After four years, part of the 6-mile long bypass opened around 5 a.m. Thursday, just in time for the morning commute.
It is slated to relieve congestion from Highway 401 in one of the fastest growing parts of Wake County, however, the north end isn't complete, so only 2 of the 4 lanes are open. It is expected to fully open in the next two weeks.
The road includes several "super street" intersections that require drivers wanting to turn left to actually turn right and make a u-turn.
Click for video on how a super street intersection works
The opening comes in the wake of a recent controversy between the state Department of Transportation and the Town of Roseville.
Following a report from the ABC11 I-Team about the lack of a traffic signal on part of the new bypass - and push back from the town's mayor - the DOT revealed last Friday that it would install a traffic light at an intersection where a stop sign was originally installed.
"They've been caught with their pants down," Rolesville Mayor Frank Eagles said Thursday. "They're trying to cover their butt.

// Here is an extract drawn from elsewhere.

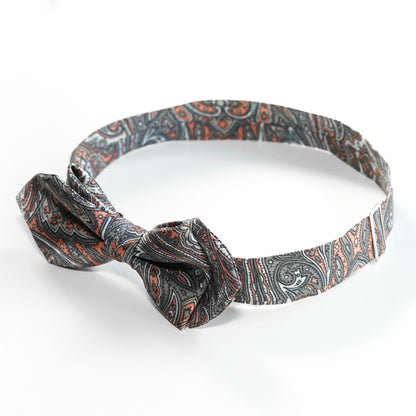 蝶ネクタイ 結婚式 ホックタイプ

We were promised full signalization. That's a signal light at corner, turn, point; and all of a sudden, I see these guys putting up a stop sign!"
The stop sign is at the end of East Young Street where the road meets the new U.S. Highway 401 Bypass.

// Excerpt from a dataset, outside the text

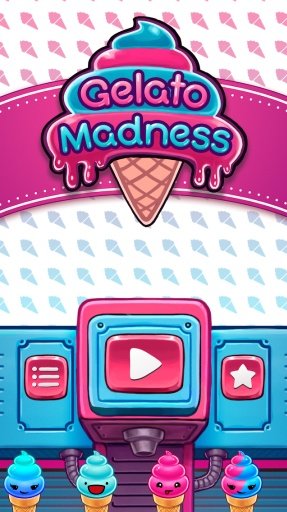 Gelato Madness截图2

Click here to read our previous story.
Because of the way the intersection is laid out, drivers are forced to make a right turn toward Raleigh. If they want to cross the bypass, they maneuver along the so-called 'superstreet' and make a U-turn a few hundred feet down. The design is supposed to assist traffic flow, and improve vehicular safety.

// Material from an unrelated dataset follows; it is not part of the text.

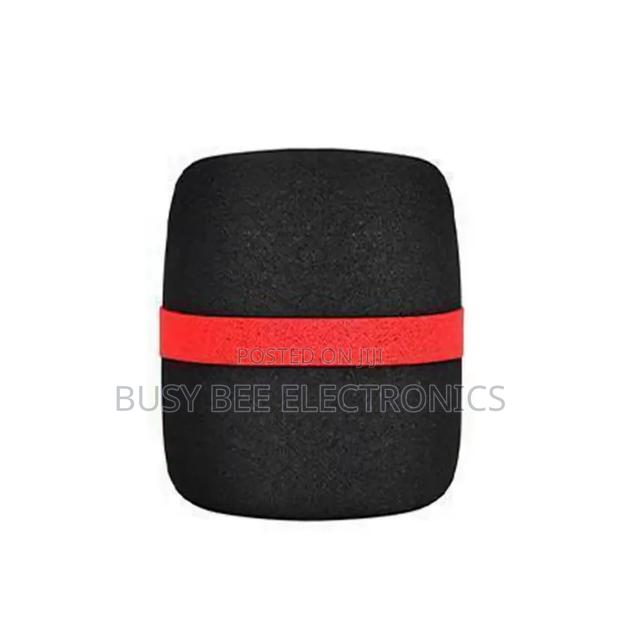 Colorful Microphone Windscreen Sponge Cover - thumbnail 6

Eagles said most drivers who use the road in the mornings will keep straight, though, and head into Raleigh. And with a stop sign in their way, Eagles sees a commuting nightmare in the making.
"Does it make common sense that you've got signals everywhere else except the main exit out of Rolesville? I see it as a safety issue," said Eagles. "If it wasn't, there wouldn't be the urgency. We could just say, 'Alright, we'll get it put in when the bypass is actually completed.'"
Eagles said first responders in town (fire, police, EMS) have been equipped with a "pre-emp" device that will allow them to change the lights, as needed, with the click of a button. So, if they have to rush onto the bypass, they can change the through lights to red and enter the bypass safely and quickly. In theory, anyway.
"How does it work when you've got a stop sign," asked Eagles.
A spokesperson for the DOT originally said they would only change the stop sign to a stop light in an emergency situation and that this didn't qualify, however, said on Friday that they were taking immediate action after Eagles brought it to their attention. The light should be installed within the next few months.